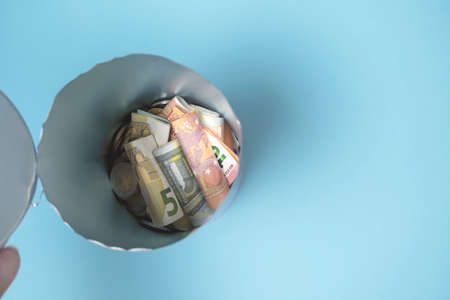 Close-up opened tin, piggy bank of euro small change banknotes, coins. Concept of spending savings, poverty and inflation, collapse of ruble exchange rate. Blue background.Selective focus,copy space.の写真素材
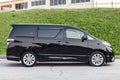 Side View of Toyota Vellfire japanese luxury minivan car in black color on the parking with seven passenger seats Royalty Free Stock Photo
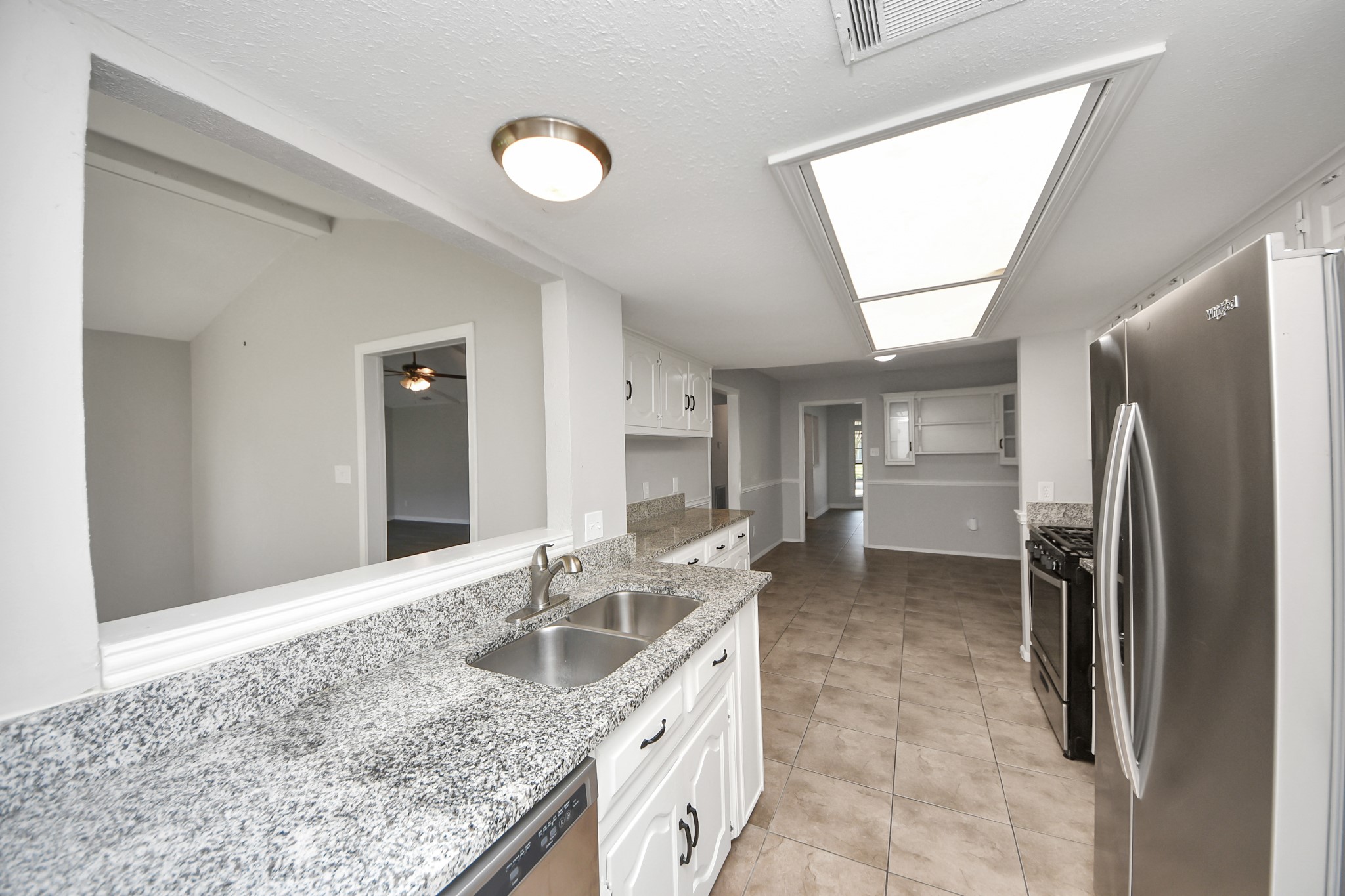 7303 Foxwick Lane Humble, TX 77338 - Photo 29 of 38 a kitchen with stainless steel appliances granite countertop a sink refrigerator and cabinets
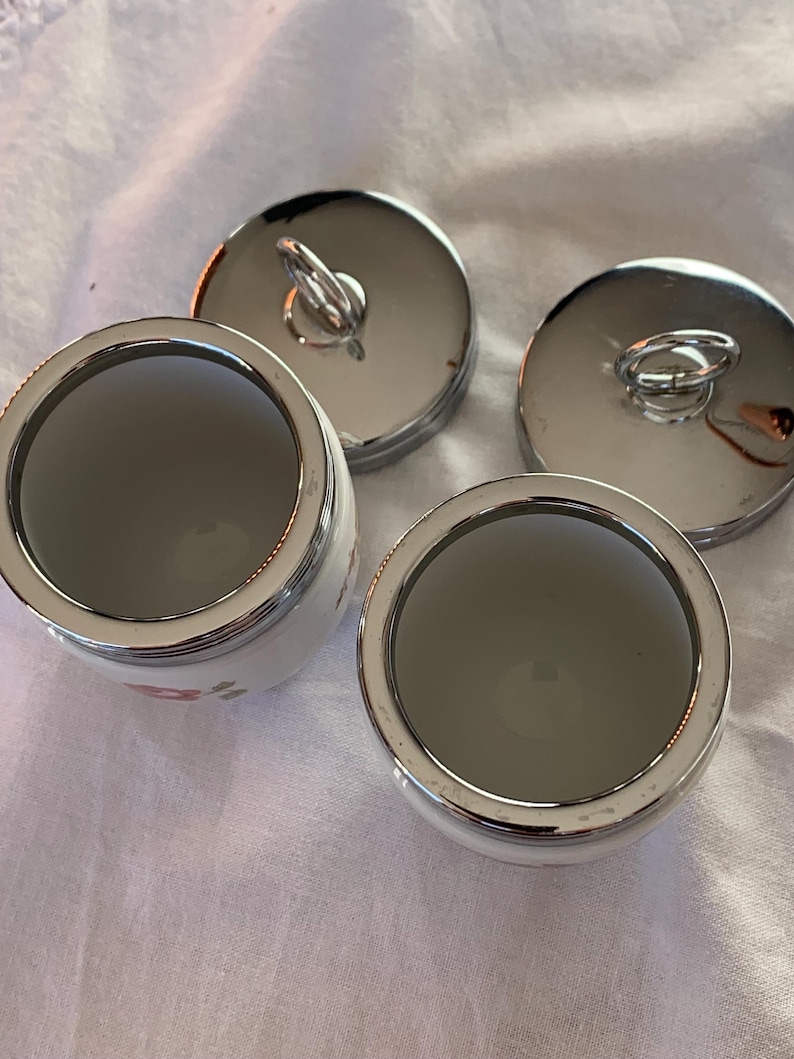 May include: Two white ceramic jars with silver-toned metal rims and matching circular lids. Each lid features a small, upright silver-toned ring handle. The jars have a smooth, white interior and a floral pattern visible on the exterior side.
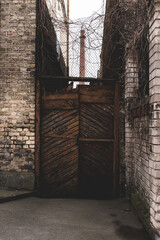 Wooden gate between brick walls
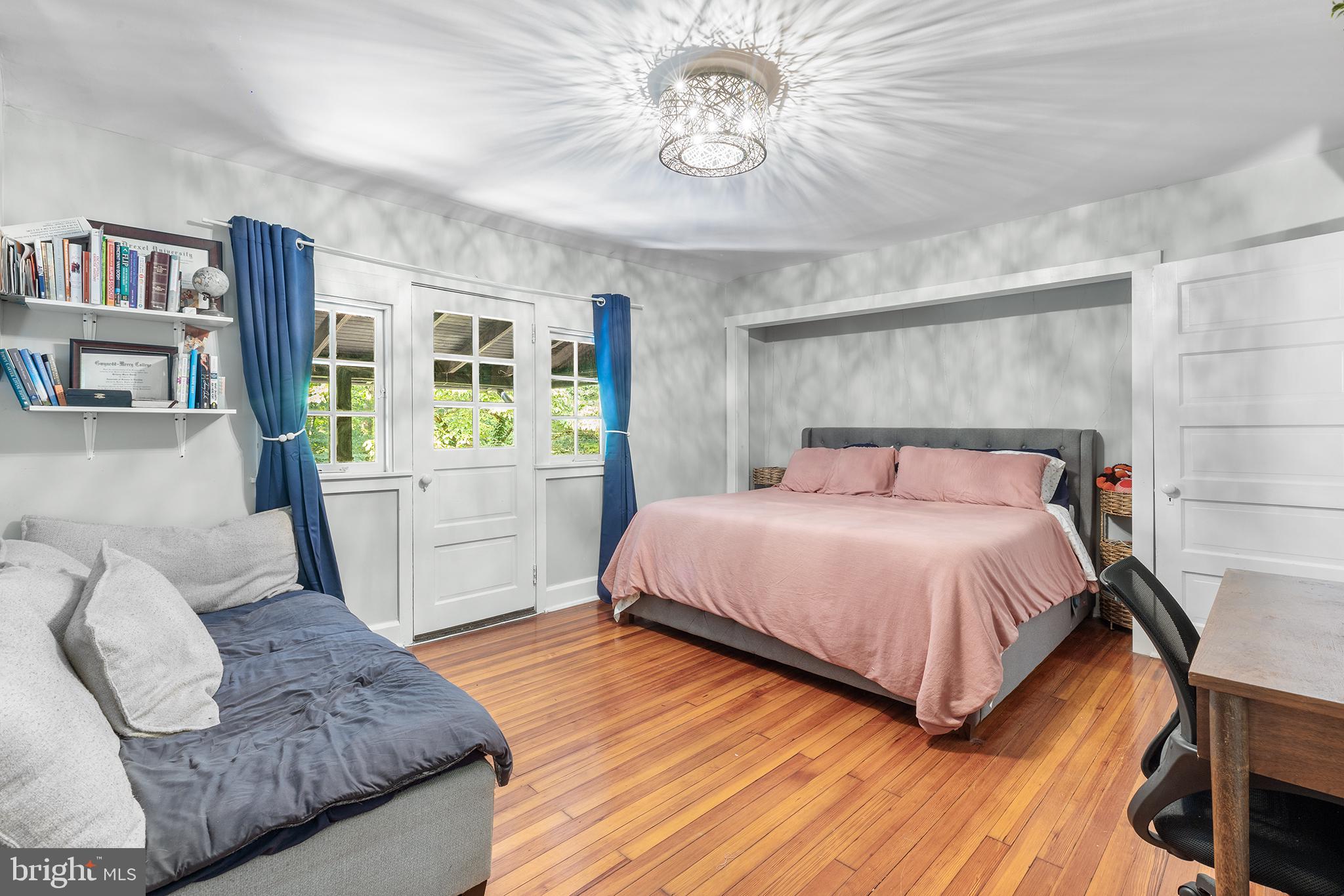 238 Fox Road Media, PA 19063 - Photo 19 of 74 a bedroom with a large bed and a chandelier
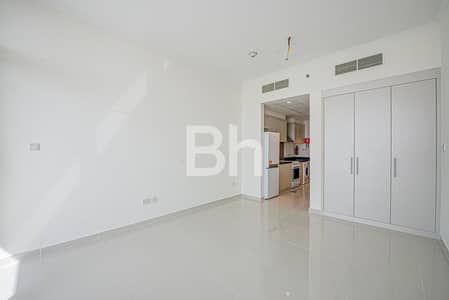 Studio for Rent in DAMAC Hills, Dubai - Vacant on 15 June | White Goods | High Floor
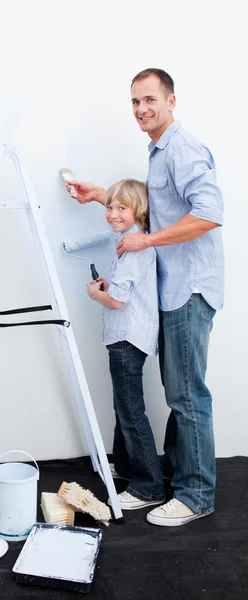 Father and his boy painting a room with brushes — Stock Photo, Image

------------------------------------------------------------

Any images must be dropped; all other material is to be printed exactly.

 Close-up opened tin, piggy bank of euro small change banknotes, coins. Concept of spending savings, poverty and inflation, collapse of ruble exchange rate. Blue background.Selective focus,copy space.の写真素材
 Side View of Toyota Vellfire japanese luxury minivan car in black color on the parking with seven passenger seats Royalty Free Stock Photo
 7303 Foxwick Lane Humble, TX 77338 - Photo 29 of 38 a kitchen with stainless steel appliances granite countertop a sink refrigerator and cabinets
 May include: Two white ceramic jars with silver-toned metal rims and matching circular lids. Each lid features a small, upright silver-toned ring handle. The jars have a smooth, white interior and a floral pattern visible on the exterior side.
 Wooden gate between brick walls
 238 Fox Road Media, PA 19063 - Photo 19 of 74 a bedroom with a large bed and a chandelier
 Studio for Rent in DAMAC Hills, Dubai - Vacant on 15 June | White Goods | High Floor
 Father and his boy painting a room with brushes — Stock Photo, Image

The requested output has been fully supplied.